I don’t have kids and I never was one, so my experience with wee folk and their behavior is limited. And when I say wee folk, I’m not referring to fairies because I have tons of experience with fairies–enough to fill several posts, I’ll venture–but I’ll save those stories for later once I have accompanying images. This all could take a while because fairies are slippery, elusive little shits when it comes to being photographed, except for Georg, who is an attention whore and a total a-hole, making him a rare fairy indeed–a “rairy” if you will. Anyway, I refuse to take Georg’s photo simply because he wants me to so badly, which totally pisses him off. And yes, I know I’m playing with fire by pissing off a fairy. Well, you know what? Bring it, Georg. BRING. IT. But I digress.
No, the wee folk to which I’m referring are my nieces, ages one and three and a half. They visited this weekend and taught me a lot. For instance:
- Be free and democratic with compliments. The elder entered the lavatory that was to be hers during her stay and said with awe and wonder “this is a beautiful bathroom.” We beamed. Her mother then informs us she made the same pronouncement last week while using the facilities at Wal-Mart. And lest you think she lives in a hovel or is unaccustomed to indoor plumbing, I should point out that she has a perfectly lovely bathroom of her own at home. It occurs to me that perhaps she was being sarcastic in both instances but hasn’t yet mastered the delivery. If that’s the case, well-played kid, well-played.
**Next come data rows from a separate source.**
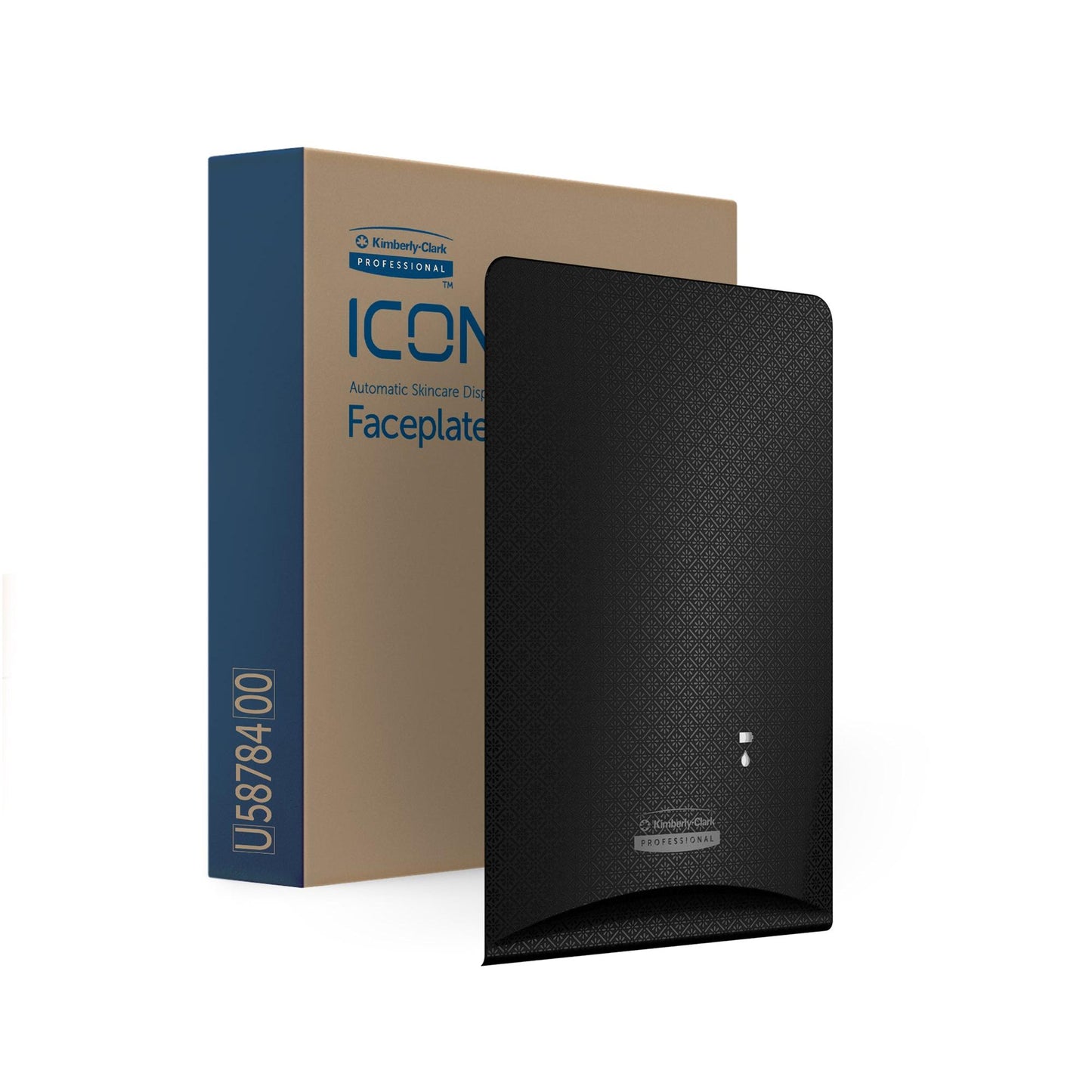 Atrás de uma caixa com a inscrição "Kimberly-Clark Professional™ Icon™ Dispenser Faceplate - eSkinCare" encontra-se uma faceplate preta texturizada (20,32 x 27,30 x 3,81 cm) da Kimberly-Clark GmbH com uma embalagem azul e bege, ideal para acessórios de lavabos.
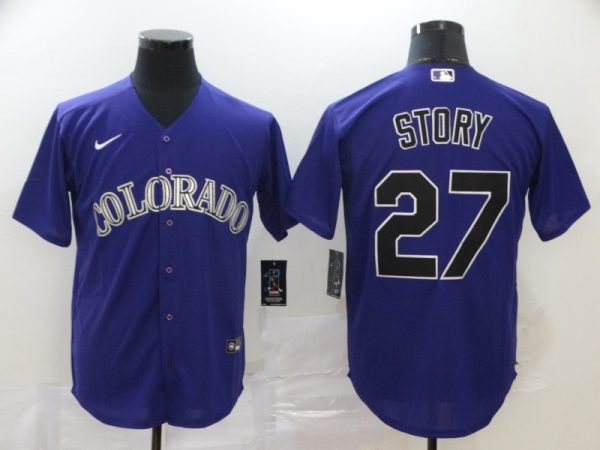 Men Colorado Rockies #27 Trevor Story Purple Cool Base Stitched MLB Jersey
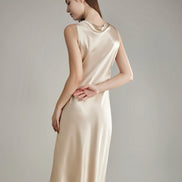 Asymmetrical Cowl Neck Silk Dress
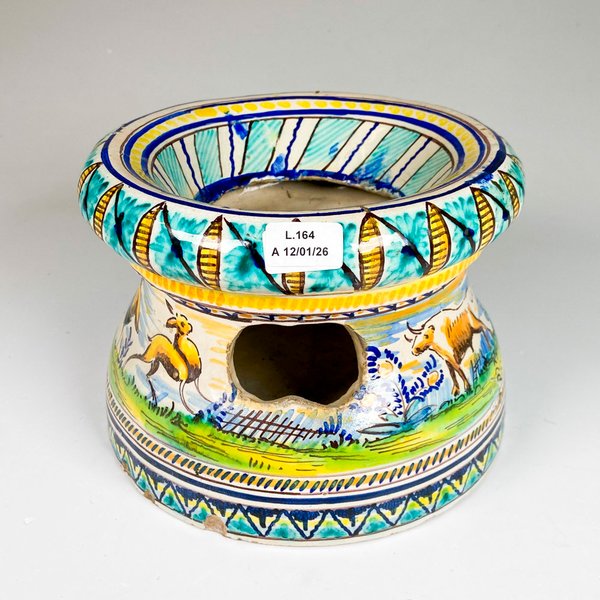 Lote siguiente: Vaso de cerámica tipo Talavera decorado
- Ask Why. Again, the elder–I understand it’s common for her age-set to do so. After this weekend, I realize I don’t ask “why” enough, I just accept whatever I’m told. Well, that shit stops right now. I’m all about the “why” from here on out. Get ready, mofos.
- In a related matter, be prepared for the question “why?” I wasn’t. Why not, you ask? Well, it’s because no one ever questions me, that’s why not. Truly, I can say the most outlandish, bizarre stuff and no one says a word or bats an eye, mostly because they’re afraid to engage with me for fear that if they do I won’t shut up and go away, which I won’t. Turns out, my niece doesn’t share this fear and, as a result, questioned me with wild abandon, forcing me to make up shit on the fly that she will carry with her as gospel for the rest of her life, influencing every decision she makes. I’d make a lousy parent.
- Be more efficient with communication. This gem I got from the little one and it may be my favorite. As far as I can tell, the only word in her current vocabulary is “mimi” which could mean mama but also could be daddy or dog. However, she excels at expressing her desire for more food with sign language, by rolling her two tiny hands into fists and banging them together. You guys, it’s a game changer and I’m totally stealing it. Imagine being able to demand more food while your mouth is still stuffed with the food you already have. Pure. Genius. That girl is going places and I plan to follow.